A couple of hours earlier we had finished a concert — sharing Jesus through music and speaking with several thousand people — out in a grassy field. We were in the northern reaches of Cambodia, out in the middle of nowhere — the jungle. It was late, very dark, and raining. We were slowly making our way back to our hotel for the night. That’s when the three vans all started sliding as we made our way on a skinny mud road with deep swamp on both sides. And the worst was yet to come.
As the van in front of us started to slide into the swamp, our group leader, Bobby Michaels, invited us to pray together. He knew that without God’s guiding hand we would all be in the swamp. And he knew that up ahead was a bridge we had to cross that just might give way — with us on it.

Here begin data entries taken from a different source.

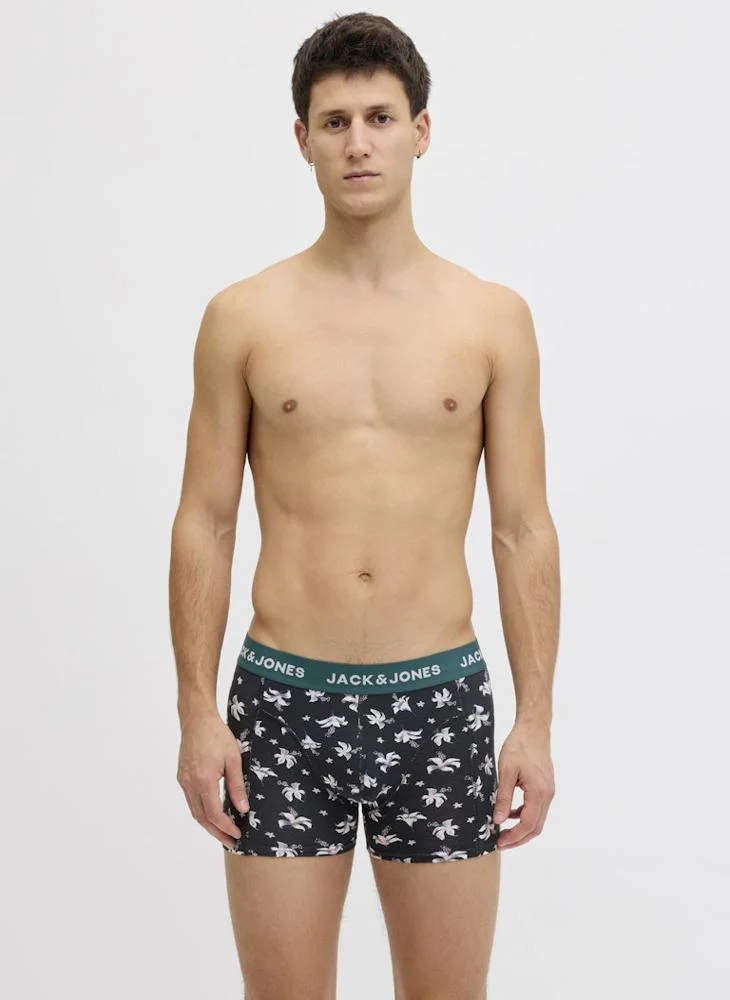 JACK & JONES  3 Pack Of Logo band Trunks for Men | Best Price UAE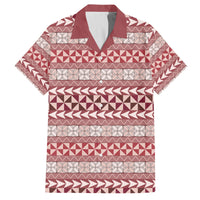 Pasifika Sataoa Pattern Simple Motif Family Matching Off Shoulder Long Sleeve Dress and Hawaiian Shirt Cherry LT9 Dad's Shirt - Short Sleeve Cherry - Polynesian Pride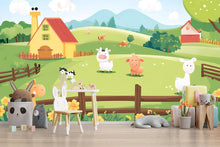 Load image into Gallery viewer, Pastel Farm Animal Nursery Wall Mural – Baby Room Decor – Gender Neutral Playroom – Baby Shower Gift – Kids Room Wall Art – Farm Friends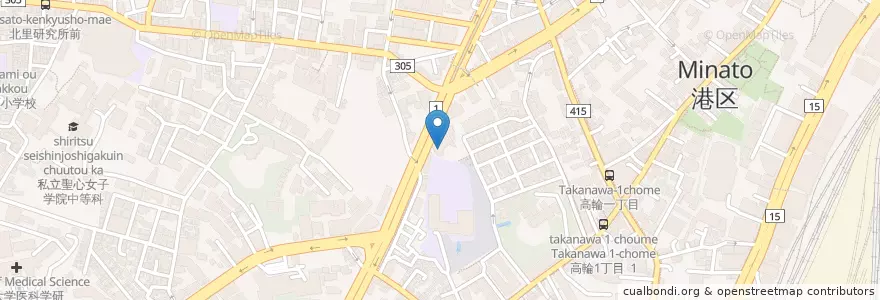 Mapa de ubicacion de 港区立高輪図書館 en Japão, Tóquio, 港区.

All the vans stopped. Some of us got out to gather with people from the other vans — and we prayed. We prayed that God would give the tires traction, hold us on the road, and that He would support the bridge. (The bridge was nothing more than a few logs with planks thrown over them. When we crossed it earlier in the day there were a couple of local Cambodians in the river watching the little bridge to make sure it was holding.)
After our prayer time, we got in the vans, and suddenly wheels that a moment before did nothing but spin in the wet, muddy clay somehow found traction, and we all moved slowly forward. Then we arrived at the place we had been dreading — the bridge.
The downpour of rain — monsoon style — had caused the river to swell. There was great concern about taking the vans over it. The solution was a muddy and wet one, but nobody complained. We all got out of the vans, held on to each other (no one could stand since the mud was so slippery) and slowly shuffled over the bridge together.
We made it. And there were many prayers of thanksgiving that night. God got all the credit.
Every day of the two-week mission trip to Cambodia had a miracle of some sort like this. It changed my life. The stories are numerous. The experiences locked in place in my mind forever.
It’s easy to take the safe road — the one with the solid, dry pavement. But I’m convinced that life really happens when we stretch ourselves to do the uncomfortable, to get into the mud. That’s when we grow, when we discover who we really are and what God has called us to be.
Pray for guidance. Do something radical for Christ.